The full listing below should be repeated exactly.

### DATA PROVIDED
---

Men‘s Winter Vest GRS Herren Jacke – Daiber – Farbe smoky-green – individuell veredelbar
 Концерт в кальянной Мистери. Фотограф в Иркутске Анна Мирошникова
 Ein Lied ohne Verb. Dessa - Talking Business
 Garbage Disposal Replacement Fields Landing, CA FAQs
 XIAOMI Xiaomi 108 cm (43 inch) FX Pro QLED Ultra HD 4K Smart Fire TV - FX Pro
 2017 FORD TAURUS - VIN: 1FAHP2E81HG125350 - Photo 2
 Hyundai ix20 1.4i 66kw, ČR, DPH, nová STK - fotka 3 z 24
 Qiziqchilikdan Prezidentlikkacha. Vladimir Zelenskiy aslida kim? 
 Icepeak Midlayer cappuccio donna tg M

---

### SOLUTION TO THE EXERCISE
Men‘s Winter Vest GRS Herren Jacke – Daiber – Farbe smoky-green – individuell veredelbar
 Концерт в кальянной Мистери. Фотограф в Иркутске Анна Мирошникова
 Ein Lied ohne Verb. Dessa - Talking Business
 Garbage Disposal Replacement Fields Landing, CA FAQs
 XIAOMI Xiaomi 108 cm (43 inch) FX Pro QLED Ultra HD 4K Smart Fire TV - FX Pro
 2017 FORD TAURUS - VIN: 1FAHP2E81HG125350 - Photo 2
 Hyundai ix20 1.4i 66kw, ČR, DPH, nová STK - fotka 3 z 24
 Qiziqchilikdan Prezidentlikkacha. Vladimir Zelenskiy aslida kim? 
 Icepeak Midlayer cappuccio donna tg M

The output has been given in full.